DATA EXTRACTS START
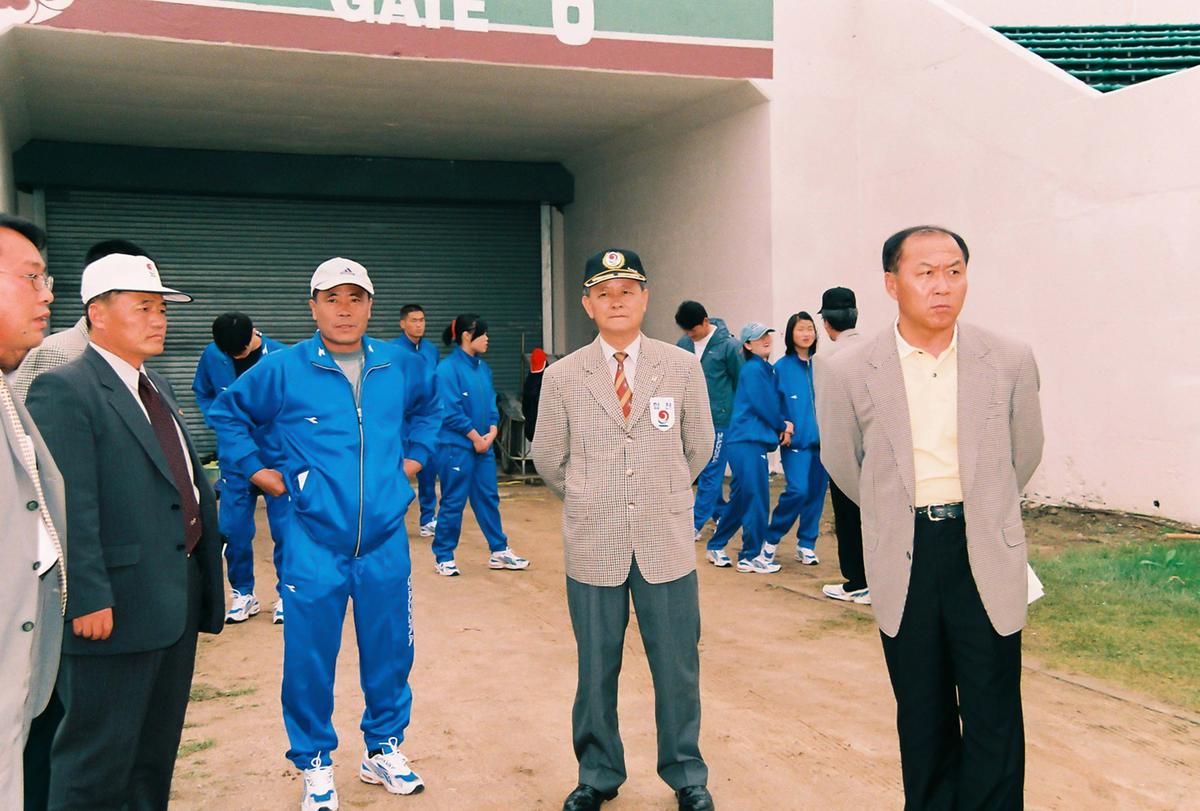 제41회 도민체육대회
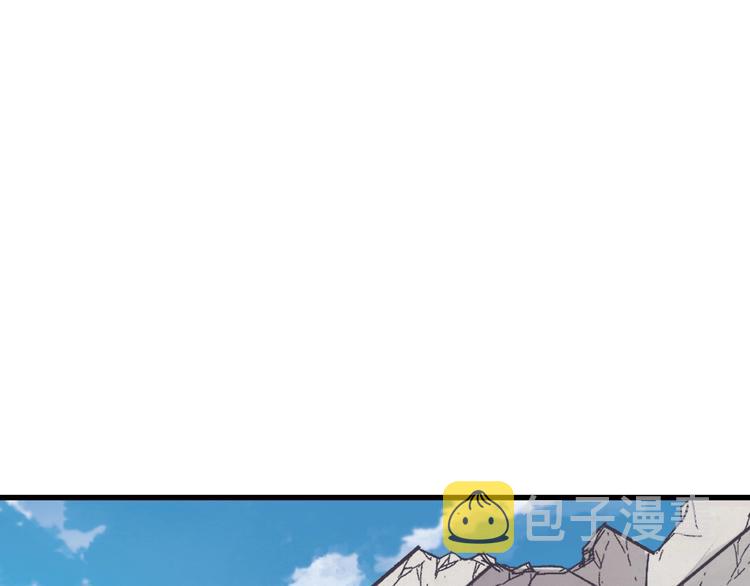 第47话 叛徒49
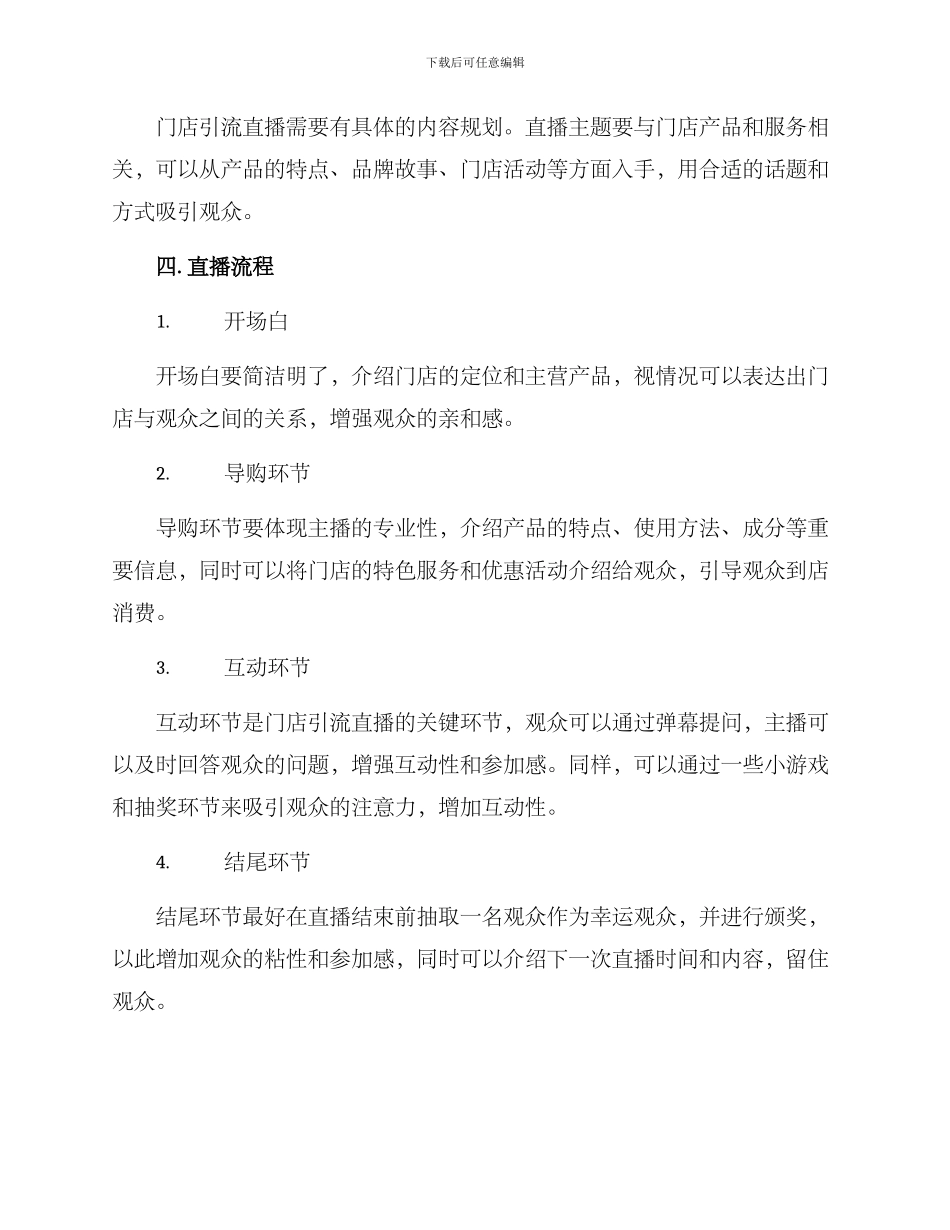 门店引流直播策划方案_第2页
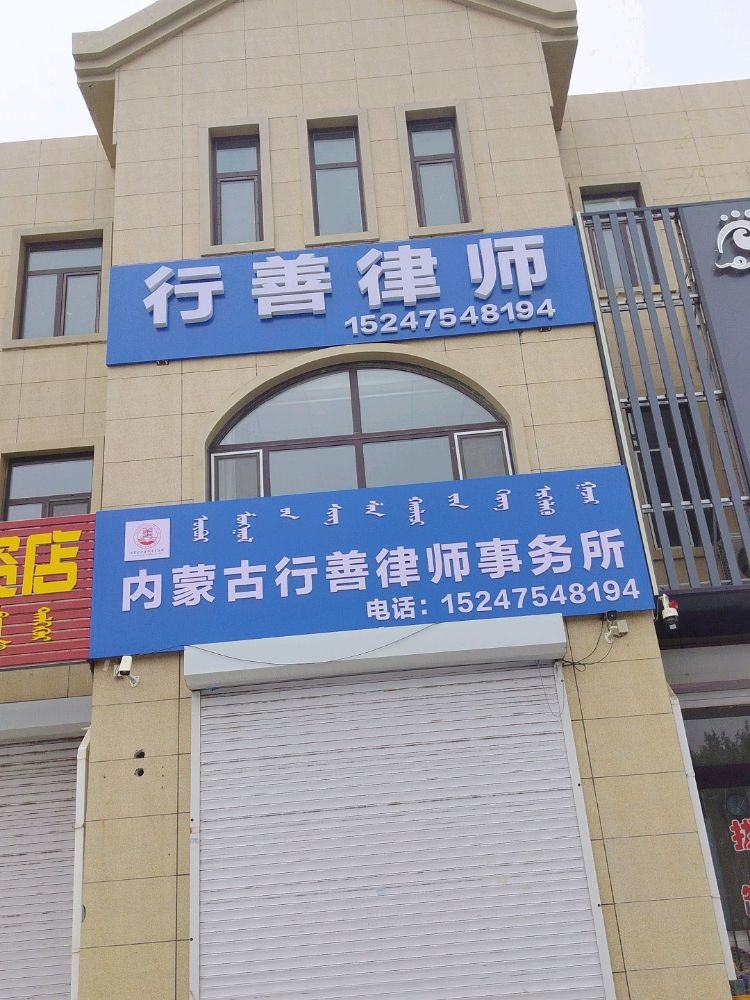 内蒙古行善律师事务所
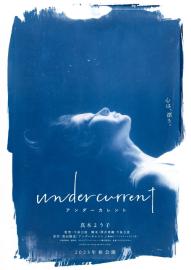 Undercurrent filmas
DATA EXTRACTS END
DATA EXTRACTS START
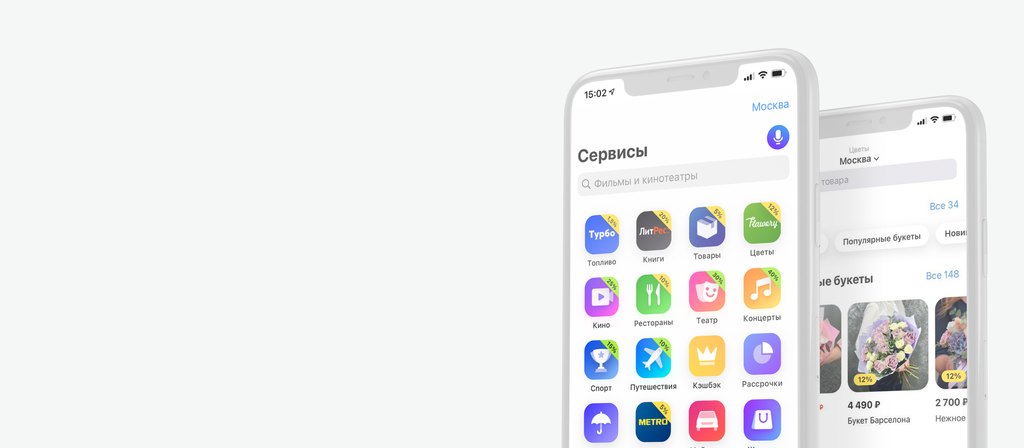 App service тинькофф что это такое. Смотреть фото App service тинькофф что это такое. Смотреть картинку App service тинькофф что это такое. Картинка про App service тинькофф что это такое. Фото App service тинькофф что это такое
DATA EXTRACTS END
DATA EXTRACTS START
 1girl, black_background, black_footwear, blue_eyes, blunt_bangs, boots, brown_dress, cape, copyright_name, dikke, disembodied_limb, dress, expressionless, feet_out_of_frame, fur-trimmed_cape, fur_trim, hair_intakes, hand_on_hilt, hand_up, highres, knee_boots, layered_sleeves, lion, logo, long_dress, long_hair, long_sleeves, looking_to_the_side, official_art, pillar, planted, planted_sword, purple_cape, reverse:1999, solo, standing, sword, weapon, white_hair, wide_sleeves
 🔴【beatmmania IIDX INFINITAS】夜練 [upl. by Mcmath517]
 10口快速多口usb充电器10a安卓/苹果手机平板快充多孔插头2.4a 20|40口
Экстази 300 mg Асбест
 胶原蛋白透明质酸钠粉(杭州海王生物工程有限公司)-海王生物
DATA EXTRACTS END
TASK DESCRIPTION:
Starting at the line with "weapon, white_hair, wide_sleeves" and ending at the line with "胶原蛋白透明质酸钠粉(杭州海王生物工程有限公司)-海王生物", print each line of the listing above exactly, with no other lines.

RESULT FOR THIS TASK:
 1girl, black_background, black_footwear, blue_eyes, blunt_bangs, boots, brown_dress, cape, copyright_name, dikke, disembodied_limb, dress, expressionless, feet_out_of_frame, fur-trimmed_cape, fur_trim, hair_intakes, hand_on_hilt, hand_up, highres, knee_boots, layered_sleeves, lion, logo, long_dress, long_hair, long_sleeves, looking_to_the_side, official_art, pillar, planted, planted_sword, purple_cape, reverse:1999, solo, standing, sword, weapon, white_hair, wide_sleeves
 🔴【beatmmania IIDX INFINITAS】夜練 [upl. by Mcmath517]
 10口快速多口usb充电器10a安卓/苹果手机平板快充多孔插头2.4a 20|40口
Экстази 300 mg Асбест
 胶原蛋白透明质酸钠粉(杭州海王生物工程有限公司)-海王生物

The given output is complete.